__Study material__:
--- START ---

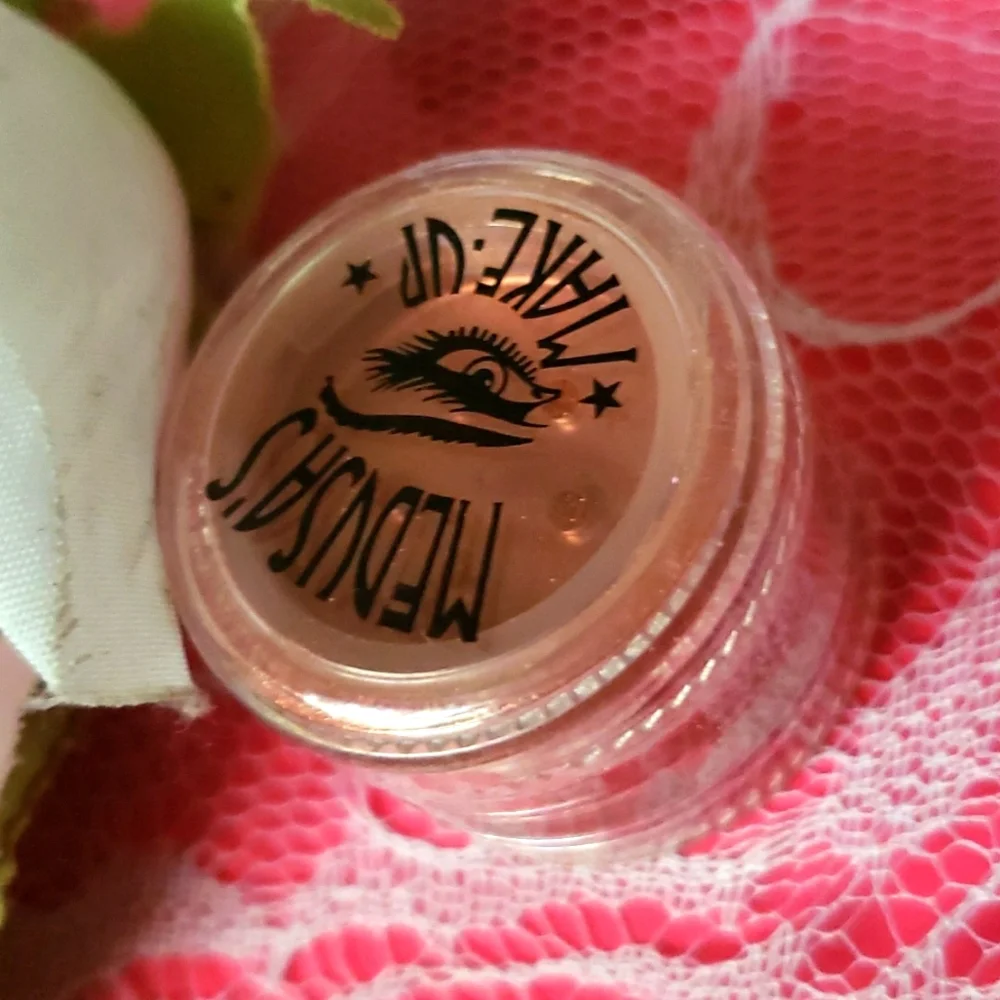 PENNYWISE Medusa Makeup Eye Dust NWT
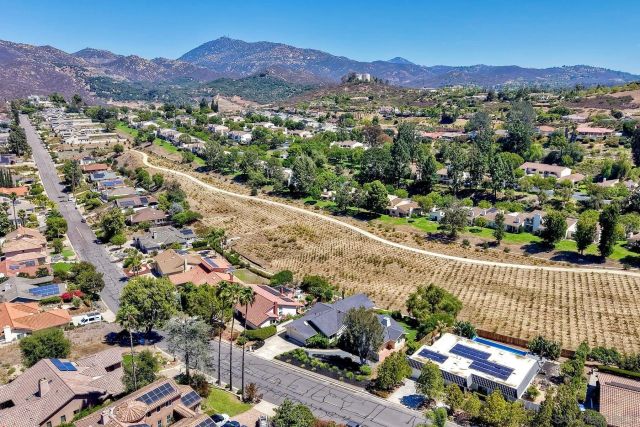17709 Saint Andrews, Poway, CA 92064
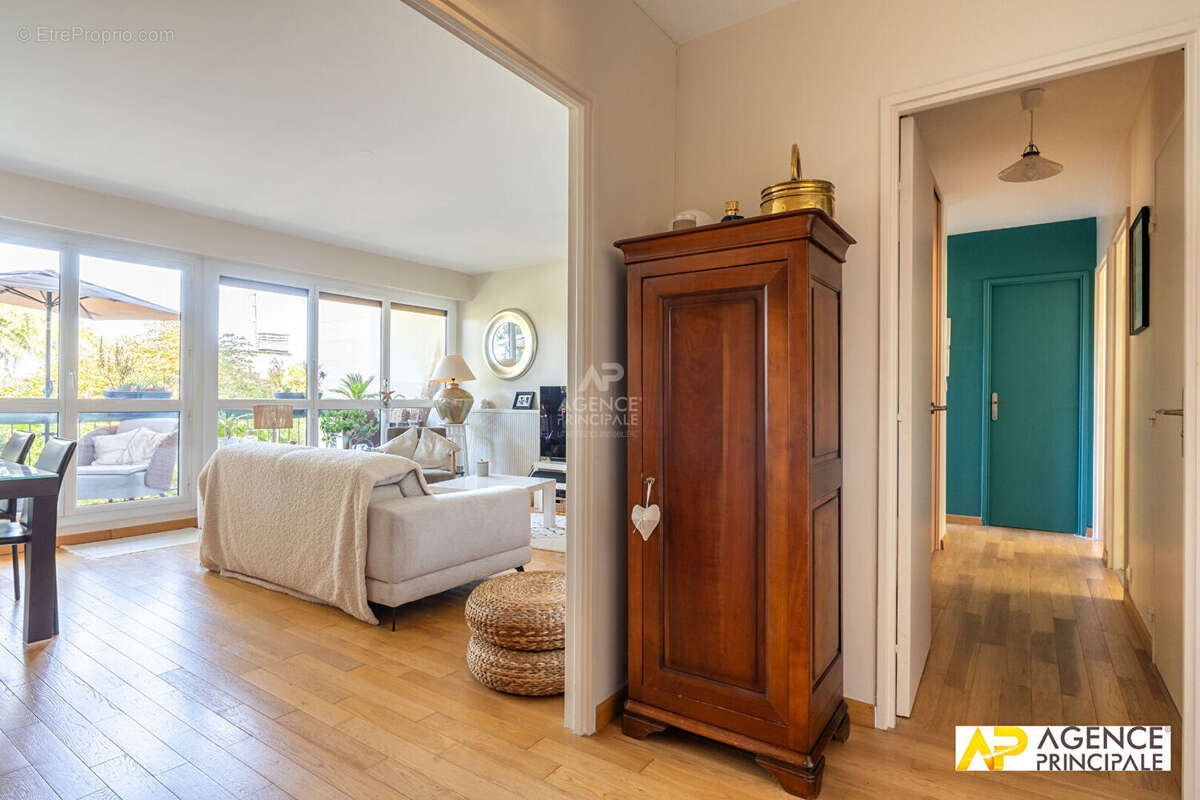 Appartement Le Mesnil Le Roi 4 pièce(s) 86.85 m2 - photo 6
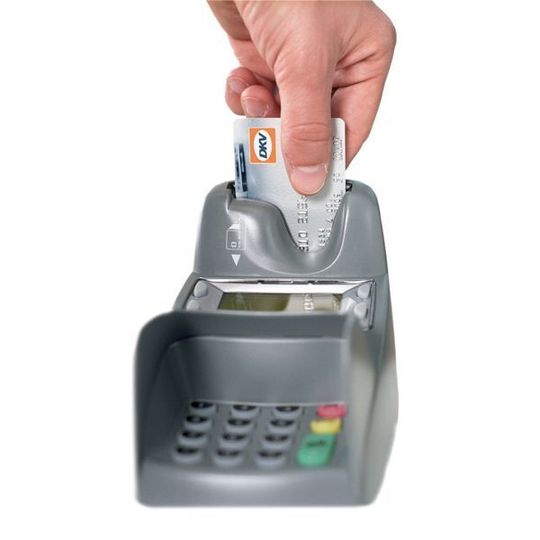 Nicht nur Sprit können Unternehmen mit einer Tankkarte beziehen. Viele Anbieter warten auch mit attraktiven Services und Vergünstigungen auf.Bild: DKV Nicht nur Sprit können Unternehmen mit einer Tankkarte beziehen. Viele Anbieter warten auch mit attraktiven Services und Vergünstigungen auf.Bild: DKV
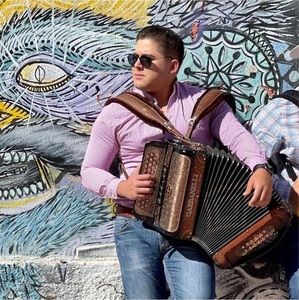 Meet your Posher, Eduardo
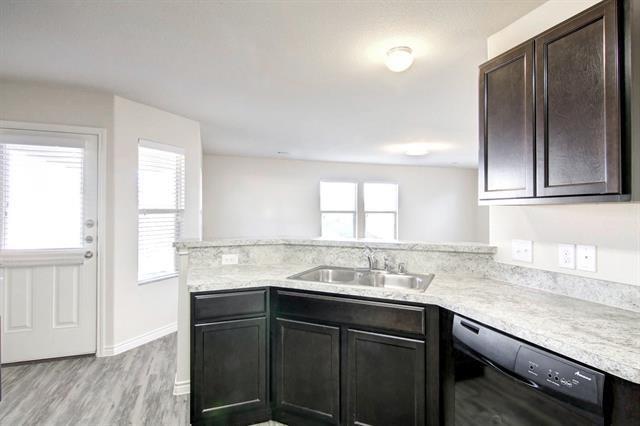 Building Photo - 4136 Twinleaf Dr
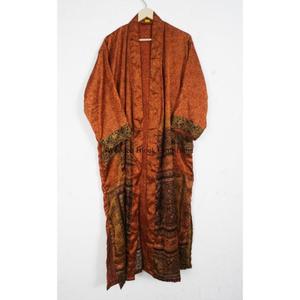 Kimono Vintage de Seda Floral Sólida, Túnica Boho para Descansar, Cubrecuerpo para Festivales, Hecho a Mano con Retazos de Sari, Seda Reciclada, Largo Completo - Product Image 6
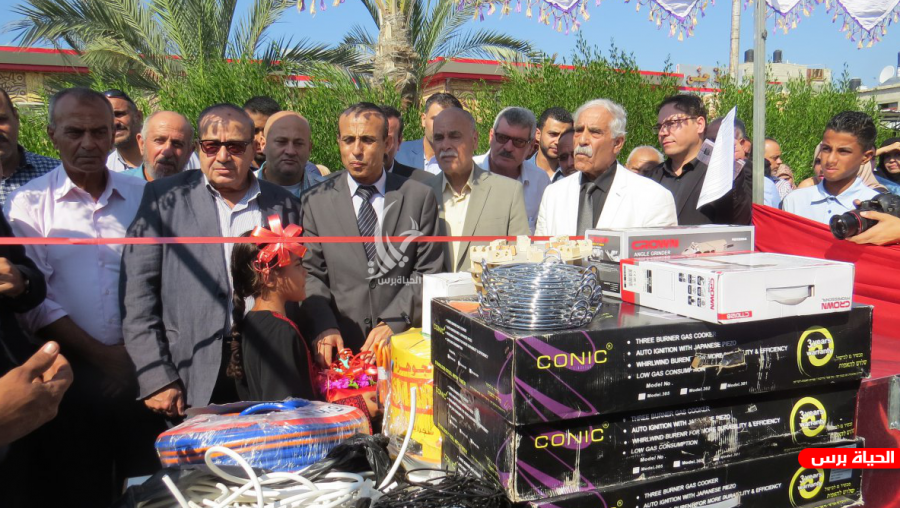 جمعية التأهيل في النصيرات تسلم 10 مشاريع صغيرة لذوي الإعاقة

--- END ---
--- START ---

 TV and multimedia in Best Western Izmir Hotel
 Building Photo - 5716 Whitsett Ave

--- END ---

__Prompt__:
Return the stretch of data that begins with the line showing "PENNYWISE Medusa Makeup Eye Dust NWT" and goes on through the line showing "Appartement Le Mesnil", exactly, with pictures removed.

__Answer to the problem__:
 PENNYWISE Medusa Makeup Eye Dust NWT
17709 Saint Andrews, Poway, CA 92064
 Appartement Le Mesnil Le Roi 4 pièce(s) 86.85 m2 - photo 6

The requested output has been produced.